Category Archives: Extreme Presentation Method

Marijuana, Comedy and Presentation Skills

Audiences have become so distracted that keeping their attention has become more challenging than ever.

Hollywood comedy writers now find that to hold their audience’s attention they need to provide a new punch line or gag every fourteen seconds. A study by the institute of psychiatry in London found that participants who were interrupted with emails performed worse on IQ tests than participants who were under the influence of marijuana. (Abela 2013, p. 2)

Here are three things we can do:

  1. Only focus on a problem your audience has that you can help solve.
  2. Don’t have a presentation if everyone knows and agrees on the answer to a problem.  Send out an email with suggested next steps instead.
  3. If you have really interesting information that you want to share, but it doesn’t help the audience, put it in an appendix, on a shared drive or email it out before hand. Or just leave it out all together.

If we can focus only on the specific needs of the audience, then we are more likely to hold their attention.

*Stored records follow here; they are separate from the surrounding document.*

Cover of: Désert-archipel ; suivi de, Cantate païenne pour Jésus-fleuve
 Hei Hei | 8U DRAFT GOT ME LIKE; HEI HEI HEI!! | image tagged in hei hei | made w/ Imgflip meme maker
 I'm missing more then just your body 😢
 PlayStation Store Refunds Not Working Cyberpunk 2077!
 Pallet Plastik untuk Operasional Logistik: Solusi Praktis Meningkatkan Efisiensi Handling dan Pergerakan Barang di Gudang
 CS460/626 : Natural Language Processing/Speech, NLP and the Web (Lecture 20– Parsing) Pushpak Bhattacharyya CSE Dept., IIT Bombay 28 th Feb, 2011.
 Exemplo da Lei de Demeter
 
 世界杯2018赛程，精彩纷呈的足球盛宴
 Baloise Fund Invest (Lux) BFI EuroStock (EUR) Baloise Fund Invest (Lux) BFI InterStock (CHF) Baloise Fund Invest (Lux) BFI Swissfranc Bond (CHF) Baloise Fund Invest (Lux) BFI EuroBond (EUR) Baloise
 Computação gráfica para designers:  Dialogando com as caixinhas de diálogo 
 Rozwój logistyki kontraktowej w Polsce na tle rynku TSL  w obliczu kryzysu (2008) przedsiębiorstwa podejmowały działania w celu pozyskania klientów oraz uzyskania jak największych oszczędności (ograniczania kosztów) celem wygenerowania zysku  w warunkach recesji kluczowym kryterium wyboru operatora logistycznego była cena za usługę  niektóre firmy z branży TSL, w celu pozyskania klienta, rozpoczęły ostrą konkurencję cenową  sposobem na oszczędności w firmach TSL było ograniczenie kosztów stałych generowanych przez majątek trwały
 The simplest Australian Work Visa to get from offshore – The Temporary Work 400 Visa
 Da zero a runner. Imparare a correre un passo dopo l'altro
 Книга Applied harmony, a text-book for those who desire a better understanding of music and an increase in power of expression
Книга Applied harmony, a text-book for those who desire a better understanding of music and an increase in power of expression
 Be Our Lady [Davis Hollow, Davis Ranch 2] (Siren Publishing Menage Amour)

Abela, AV 2013, Advanced presentations by design : creating communication that drives action, 2ndedn., Pfeiffer, San Francisco.

126 to 6? Don’t start with 126 in the first place – start with 1!

Here’s ten questions Andrew Abela suggests you ask yourself or others when preparing and designing your presentation to get you off on the right foot.

  1. Who are the most important members audience?  
  2. What you want your audience to think and do differently as a result of your presentation?
  3. What’s the most important problem that your audience has, and what’s your contribution towards a solution to it?
  4. Do you have a wide range of evidence?
  5. Are you supporting your evidence with well-structured anecdotes?
  6. Is every important new piece of information in your presentation sequence preceded by a Complication that creates the need for that information in your audience?
  7. Have you selected the best chart for communicating each data-supported point, and are you showing enough detail?
  8. Does the layout of each page reinforce the main message of that page?
  9. Have you identified all stakeholders that could affect the success of your recommendations, and do you have a plan for dealing with each?
  10. Do you know how you will measure the success of your presentation?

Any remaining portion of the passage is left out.